COURT OF APPEAL FOR ONTARIO
CITATION: Balanyk v. Dutton Brock LLP, 2014 ONCA 122
DATE: 20140214
DOCKET: C55988
Gillese, Rouleau and Tulloch JJ.A.
BETWEEN
Elizabeth Balanyk
Appellant (Respondent)
and
Dutton Brock LLP
Respondent (Applicant)
Elizabeth Balanyk, acting in person
S. Alexandre Proulx, for the respondent
Heard: February 12, 2014
On appeal from the order of Justice Dale Parayeski of the Superior Court of Justice, dated September 7, 2012.
APPEAL BOOK ENDORSEMENT
[1] The appellant’s central submission is that the respondent law firm had no standing to bring the application because, in her submission they are a non-aggrieved third party.
[2] We disagree. Section 140 of the Courts of Justice Act does not restrict who can bring such an application. The policy reasons that the appellant advances for limiting who might have standing to bring such an application is a matter for the legislature and for the courts given the broad wording of the current section.
[3] As to the other grounds of appeal, we see no error in the application judge’s decision.

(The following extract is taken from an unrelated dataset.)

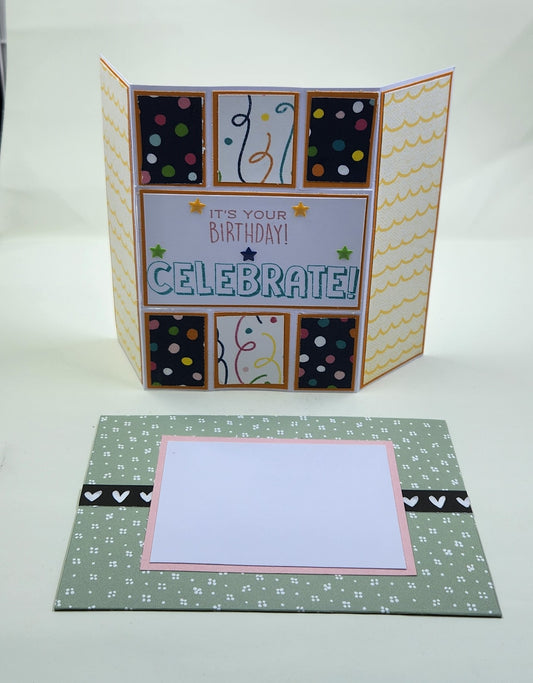 Handmade Triple Panel Fun Fold Birthday Card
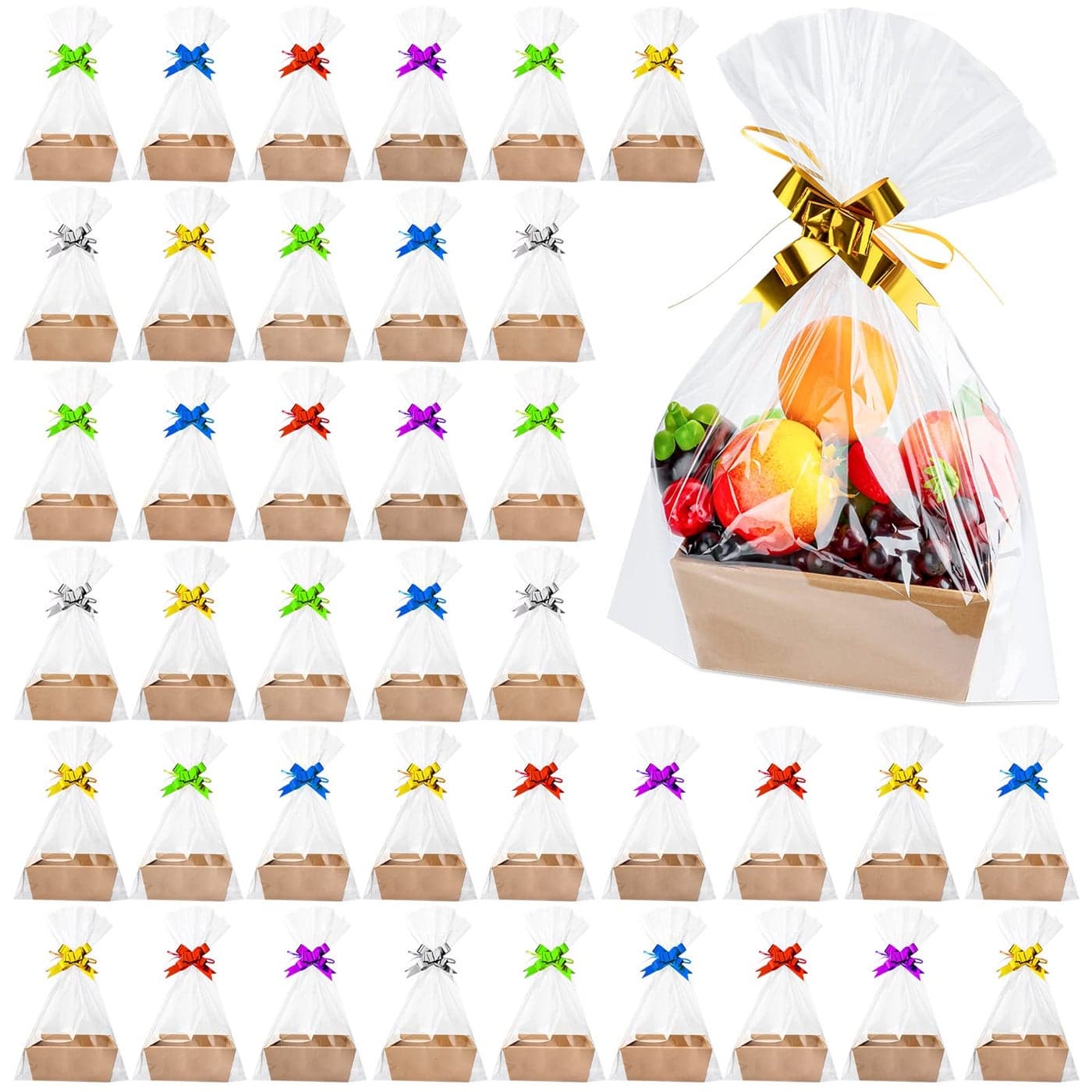 138 Pcs Empty Gift Basket Set 40 Cardboard 8 x 6 x 3 Inches Empty Baskets for Gifts with Handles 50 Bags 48 Multicolor Bows for Party Wedding Birthday Food Serving StorageBrown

He gave the appellant the opportunity to be heard and did not ground his reasons on the alleged number of outstanding action in St. Catharines or on the alleged number of pages contained in those files. Although he referred to the respondent’s materials in this regard and expressed a general concern, the application judge grounded his decision on repeated appearances in this court and several other observations made and contained in his reasons. In the application judge’s view, the record before him was sufficient to meet the threshold under the case law for declaring the appellant a vexatious litigant. His decision is entitled to deference and we see no basis to interfere.
[4] We do not consider the fresh evidence as having probative value and therefore dismiss both the appeal and the motion to file fresh evidence. Costs to the respondent fixed at $1,000 inclusive of HST and disbursements.